So let’s get to it. In the film section below, I’ll kick off my Halloween Horror analysis for 2023. But first, a look at a few big, returning, but underwhelming streaming TV shows. That plus a new sports docu-series, the Ahsoka finale, another great ranking of the streamers from TV Time, the return of late-night, another pricey Sundance acquisition that under-performed, and a whole lot more.
Also, this issue has now come out on a Monday for the second week in a row, mainly due to my big series on which TV shows would have earned the new streaming residual. Next week’s issue will come out Monday too, due to the Veteran’s Day holiday in America. After that, I hope to get this feature back on its regular Friday release schedule.
(Reminder: The streaming ratings report focuses on the U.S. market and compiles data from Nielsen’s weekly top ten viewership ranks, Showlabs, TV Time trend data, Samba TV household viewership, company datecdotes, and Netflix hours viewed data, Google Trends, and IMDb to determine the most popular content. While most data points are current, Nielsen’s data covers the weeks of October 2nd to October 8th.)
Television – A Few Disappointing Returning Shows
Let’s just blast out a surprising number to start.
Disney+’s Loki debuted to 7.4 million hours.
Yikes! That’s low. For context, season one had 12.2 million hours and eventually grew to 18 million hours week.
Loki is just the latest in sophomore or junior seasons (second or third for non-American readers) that didn’t live up to the hype this summer, including Jack Ryan, The Witcher, The Wheel of Time and now Loki, which makes me wonder if this is a broader streaming issue.
Loki was still the seventh biggest streaming show or film in terms of unique viewers, according to Samba TV.
The first season of Loki finished very strong, so I expected a lot more from this show. Presumably so did Disney. The Marvel apathy may be real—here’s my thoughts on it from last year—but, again, a lot of shows have struggled which makes it seem like more than a Loki/Marvel issue. On to the next show…

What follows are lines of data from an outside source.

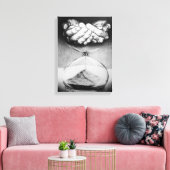 タイムハンドヘルズペンシルスケッチ超現実美術 キャンバスプリント (インサイチュ (リビング))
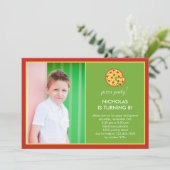 Pizza Slices Foto Geburtstag Einladung (Stehend Vorderseite)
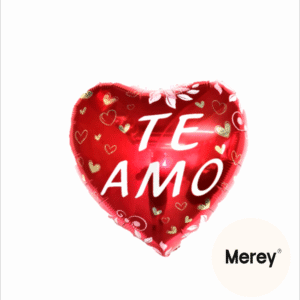 Globo corazon metalizado te amo hojitas 18" (45cm)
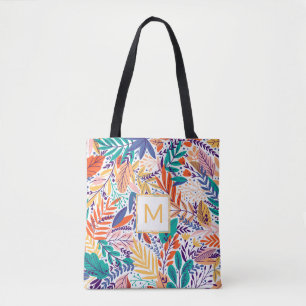 Cheery Colourful Modern Leaves Monogram Tote 🌿✨ Bag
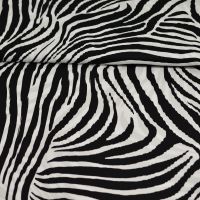 Exclusieve stretch poplin zebra print italiaans design wit zwart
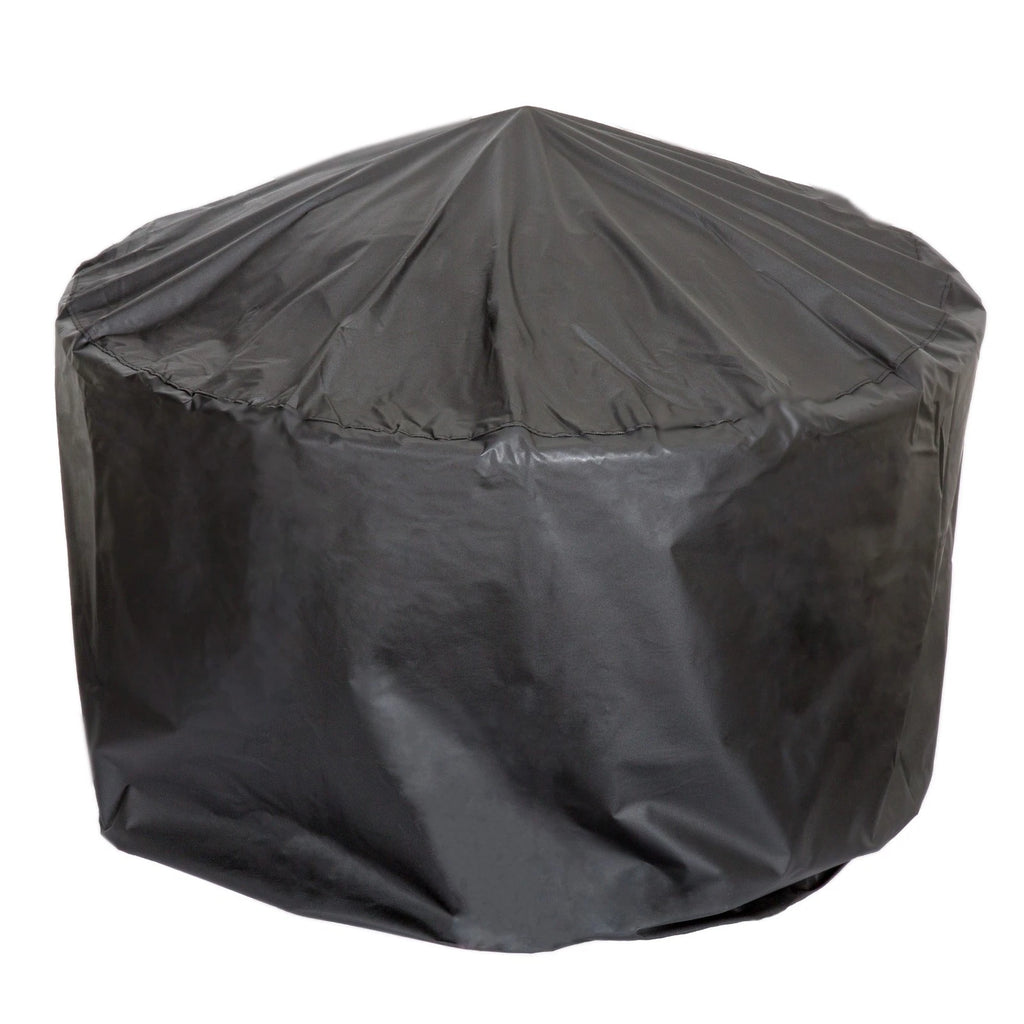 32-Inch Round Wood Burning Fire Pit with Spark Screen Cover and Log Poker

…oh, what’s that? We have another Disney datecdote to contend with? Do I have to? I do. Fine, here’s the new “TV” chart for Disney+ including Disney PR’s latest datecdote on Loki.
(Reminder, Disney provides global data, not US only like Nielsen.) We also got word that this is the second biggest opening of the year, behind The Mandalorian third season, which is to be expected. Still, this probably speaks to the light Disney+ schedule more than the strength of Loki, given the soft Nielsen numbers.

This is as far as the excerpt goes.